Jared Bartlett

No. 45 – Jacksonville Jaguars
- Position: Linebacker
- Roster status: Injured reserve

Personal information
- Born: April 1, 2001 (age 25) Miami, Florida, U.S.
- Listed height: 6 ft 2 in (1.88 m)
- Listed weight: 237 lb (108 kg)

Career information
- High school: Collins Hill (Suwanee, Georgia)
- College: West Virginia (2019–2023); Cincinnati (2024);
- NFL draft: 2025: undrafted

Career history
- New York Jets (2025)*; Green Bay Packers (2025)*; Arizona Cardinals (2025); Carolina Panthers (2026)*; Jacksonville Jaguars (2026–present);
- * Offseason or practice squad member only

Awards and highlights
- Second-team All-Big 12 (2024);

Career NFL statistics as of 2025
- Games played: 2
- Stats at Pro Football Reference

= Jared Bartlett =

American football player (born 2001)

Jared Bartlett (born April 1, 2001) is an American professional football linebacker for the Jacksonville Jaguars of the National Football League (NFL). He played college football for Cincinnati and West Virginia. He signed with the New York Jets as an undrafted free agent in 2025.

== Early life ==
Bartlett attended Collins Hill High School, where he played for head coach Lenny Gregory. Over two varsity seasons, he recorded 156 tackles (117 solo), 10 sacks, 23 tackles for loss, 13 quarterback hurries, and two fumble recoveries.

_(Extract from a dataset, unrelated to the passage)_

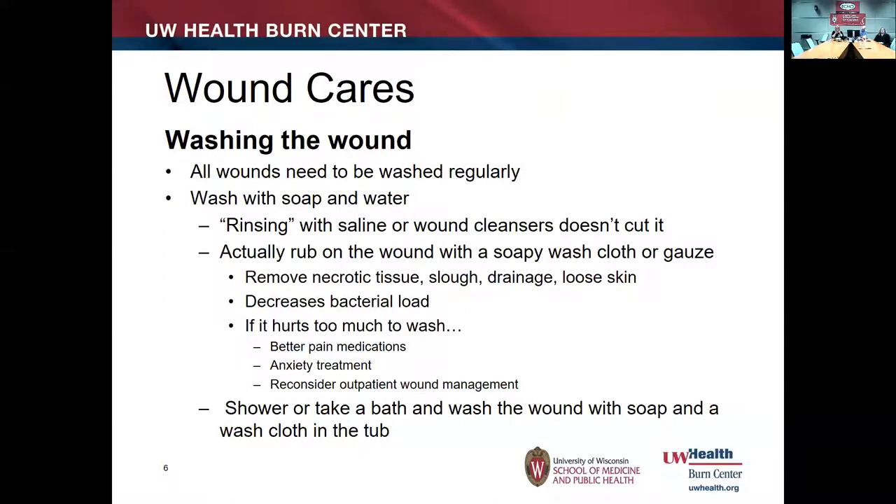If it hurts too much to wash the wound, we need to rethink better pain control and better pain medications. With kids you always have to think about anxiety and distraction. That's where child life is helpful. If we're not successful with distraction, that's when you should reconsider whether it's even attainable in an outpatient setting. Ideally, wounds should be washed in the shower or bathtub using a clean washcloth with soap and water, washing the wound before other parts of the body or using a fresh washcloth. Their germs are their germs — soap and water is the approach.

He earned All-Region 6-7A honors twice and was named to the All-County first team as a senior after receiving honorable mention as a junior. Bartlett also competed in track and field. He is the brother of former Pittsburgh Steelers defensive lineman Stephon Tuitt.

== College career ==

=== West Virginia ===
Bartlett played in 50 games for West Virginia from 2019 to 2023, totaling 134 tackles and 21.0 tackles for loss. He was a two-time recipient of the Iron Mountaineer Award, presented to the program’s top offseason strength and conditioning performers (2022 and 2023). As a senior in 2023, he recorded 49 tackles, 6.0 tackles for loss, and 4.5 sacks, including a career-high seven tackles against Houston on October 12. In 2022, he earned Bronko Nagurski National Defensive Player of the Week honors following a three-sack performance against Virginia Tech.

=== Cincinnati ===
Bartlett transferred to Cincinnati for the 2024 season and became one of the Bearcats’ most productive defenders. He led the team in tackles (69), tackles for loss (11.5), and sacks (7.5), earning All-Big 12 honorable mention from conference coaches and Second-Team All-Big 12 honors from Phil Steele. He ranked second in the Big 12 in sacks and fourth in tackles for loss. Bartlett recorded a season-high ten tackles in the regular-season finale against TCU and delivered consistent production throughout the year, including seven tackles and a sack against West Virginia, five tackles and a 10-yard sack at Colorado, and six tackles with 1.5 sacks at UCF. He opened the season with six tackles and two tackles for loss against Towson.

== Professional career ==

Pre-draft measurables
| Height | Weight | Arm length | Hand span | Wingspan | 40-yard dash | 10-yard split | 20-yard split | 20-yard shuttle | Three-cone drill | Vertical jump | Broad jump | Bench press |
| 6 ft 1+3⁄4 in (1.87 m) | 238 lb (108 kg) | 33+1⁄4 in (0.84 m) | 10+1⁄8 in (0.26 m) | 6 ft 6+1⁄2 in (1.99 m) | 4.65 s | 1.60 s | 2.70 s | 4.41 s | 7.07 s | 32.0 in (0.81 m) | 9 ft 7 in (2.92 m) | 19 reps |
All values from Pro Day

===New York Jets===
Bartlett signed with the New York Jets as an undrafted free agent on May 9, 2025. He was waived on July 24.

===Green Bay Packers===
On July 30, 2025, Bartlett signed with the Green Bay Packers. He was waived on August 26.

===Arizona Cardinals===
On September 2, 2025, the Arizona Cardinals signed Bartlett to their practice squad. Bartlett made his NFL debut on November 9, against the Seattle Seahawks. He was signed to the active roster on November 15, but was waived two days later. Bartlett was subsequently re-signed to the team's practice squad on November 19.

===Carolina Panthers===
On January 12, 2026, Bartlett signed a reserve/future contract with the Carolina Panthers. He was waived by the Panthers on July 26.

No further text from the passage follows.